John Cullen – Insolvency Partner
With a rise of 0.7%, the number of corporate insolvencies grew from 17,317 in 2017 to 17,439 in 2018, showing a clear rise in the number of firms failing in England and Wales. Compared to 2017, the number of administrations also rose by 11.2% and CVAs increased by 16% in 2018.
Additionally, Q4 2018 followed the same trend with a 9.3% increase in corporate insolvencies on the previous quarter, which brings this number up to 4,725.
This increase was anticipated and reflects the significant upward trend in activity levels during the past few months. However, he believes that the full picture might not be showing yet due to the lag effect in appointments.
The recent drop in consumer confidence is beginning to impact spending behaviour across the economy.
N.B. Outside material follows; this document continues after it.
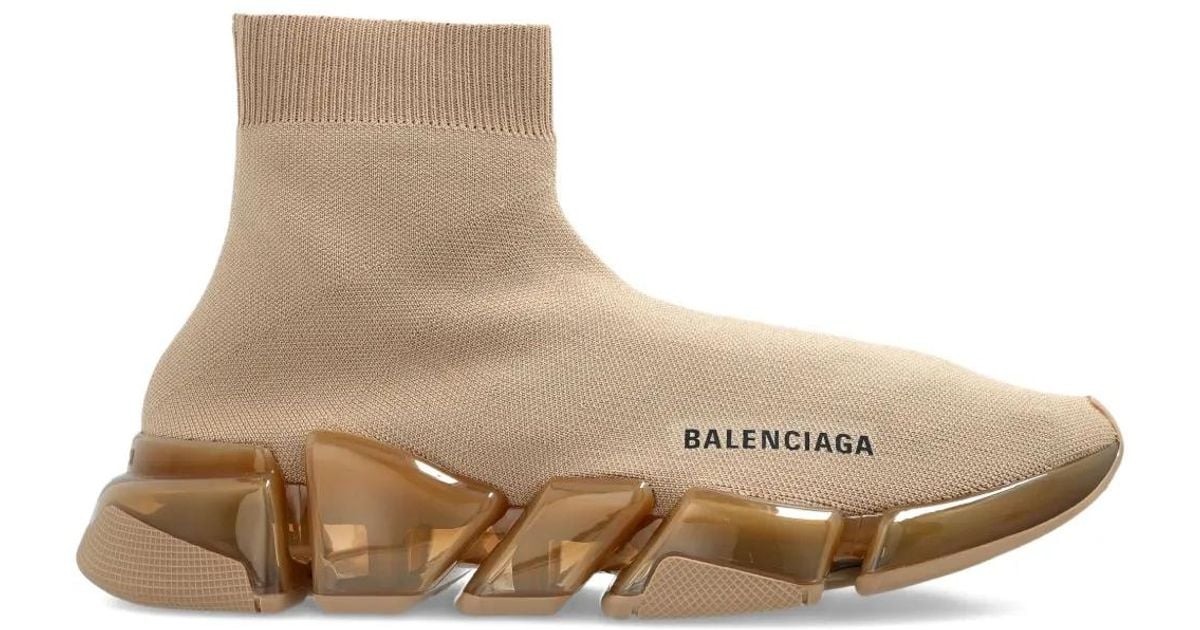 Speed Trainer Balenciaga Speed Knit Gold Speed Runner Balenciaga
Although several sectors are notably affected, among them the construction, hospitality & leisure industries, the change in spending behaviour has particularly negatively influenced the retail sector where many are also still coping with historic rental agreements undermining their profitability.
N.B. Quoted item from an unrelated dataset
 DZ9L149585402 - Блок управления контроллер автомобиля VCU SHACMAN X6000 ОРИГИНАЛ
Brexit uncertainty and political instability is discouraging consumer spending – creating an incredibly challenging trading environment which will probably cause the number of corporate insolvencies to continue to rise in 2019.
In addition to corporate insolvencies, the number of individual insolvencies in England and Wales also soared in 2018, reaching its highest level since 2011. In 2018, there were 115,299 individual insolvencies – a 16.2% increase on the previous year – with 34,108 of these individual insolvencies occurring in Q4 2018, up a staggering 35% on Q4 2017.
So what does this all mean?
It does appear that the economic conditions are becoming more challenging. The strong employment figures provide some sunshine in an overcast outlook so businesses should ensure that they continue to manage risks actively in the coming months.